*Data for analysis*:

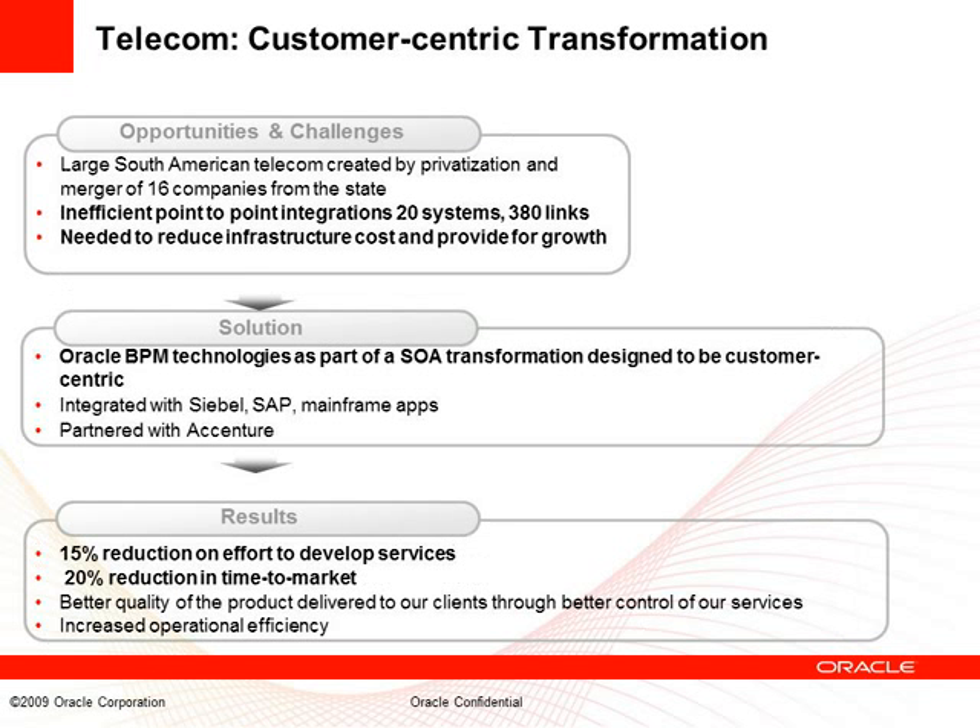Next is a telecom customer more focused on larger strategic goals — specifically, customer-centric transformation. The company was created by privatization, essentially a merger of 16 companies from across the country, resulting in lots of inefficiency, point-to-point integrations, and multiple systems. Using BPM as part of an SOA transformation, they were able to design their operations in a much more customer-centric way, achieving a 15% reduction in overall effort to develop services from the SOA side, and a 20% reduction in time-to-market facilitated by BPM agility.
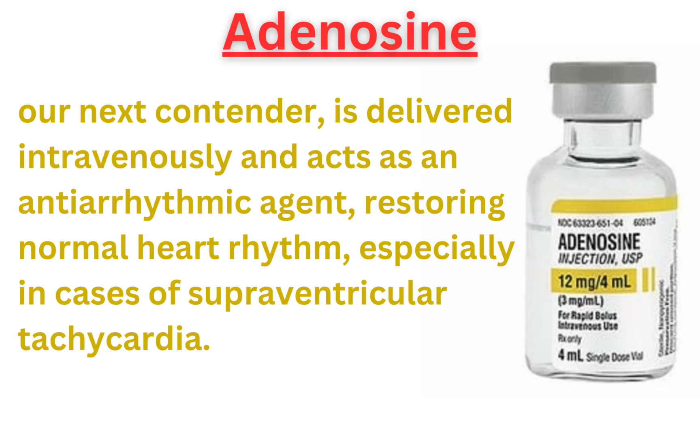Adenosine, our next contender, is delivered intravenously and acts as an antiarrhythmic agent, restoring normal heart rhythm, especially in cases of supraventricular tachycardia.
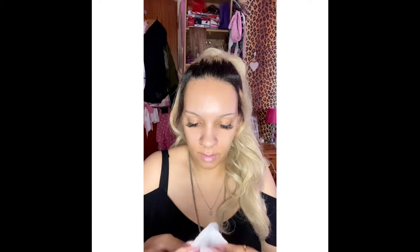And now for the toner - it's Simple Soothing Facial Toner. I do the same thing: pop some on a cotton pad, split it in half, and apply it across the face.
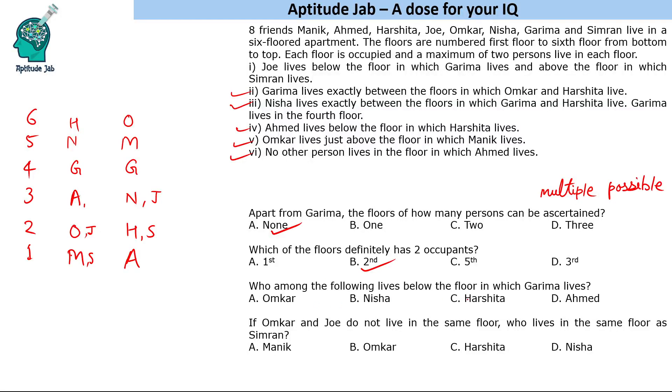Who among the following lives below the floor in which Garima lives? Omkar — we cannot say, because in one case he is below and in the other he is above. Nisha — again not sure, she can be below or above. Harshita — she can also be above or below. But Ahmed definitely lives below Garima in both cases, so the answer is Ahmed.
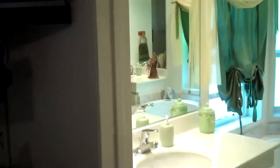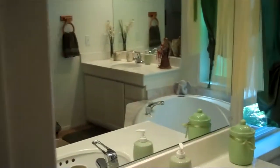Master suite, again with high vaulted ceilings. Nice master bath with shower and tub.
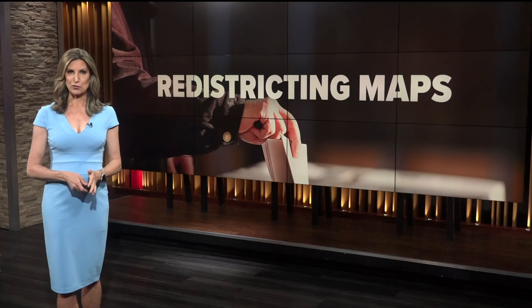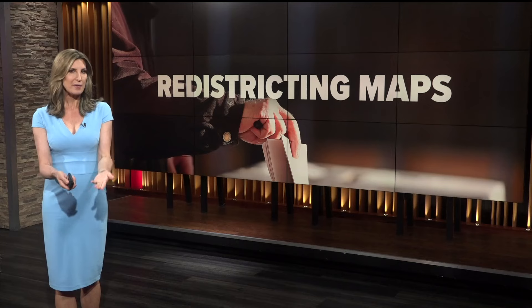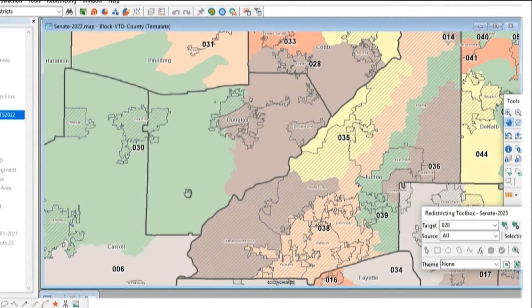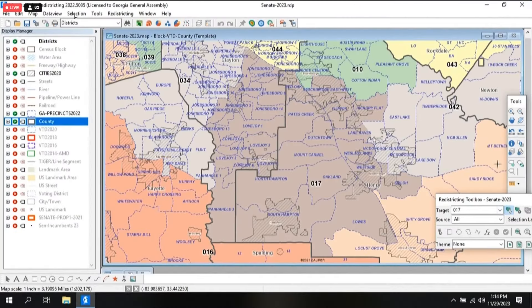Voting is already underway for Georgia's primary elections and there are some new district lines that you may not be familiar with. Take a look at the new map here. You may be in a new district, and there's an easy way to check where to vote and which candidates will be on your ballot.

*Aim of the exercise*: Above are the records; copy from them only the lines starting at the one containing "Adenosine, our next" and ending at the one containing "And now for", exactly and without pictures.

*Written answer*:
Adenosine, our next contender, is delivered intravenously and acts as an antiarrhythmic agent, restoring normal heart rhythm, especially in cases of supraventricular tachycardia.
And now for the toner - it's Simple Soothing Facial Toner. I do the same thing: pop some on a cotton pad, split it in half, and apply it across the face.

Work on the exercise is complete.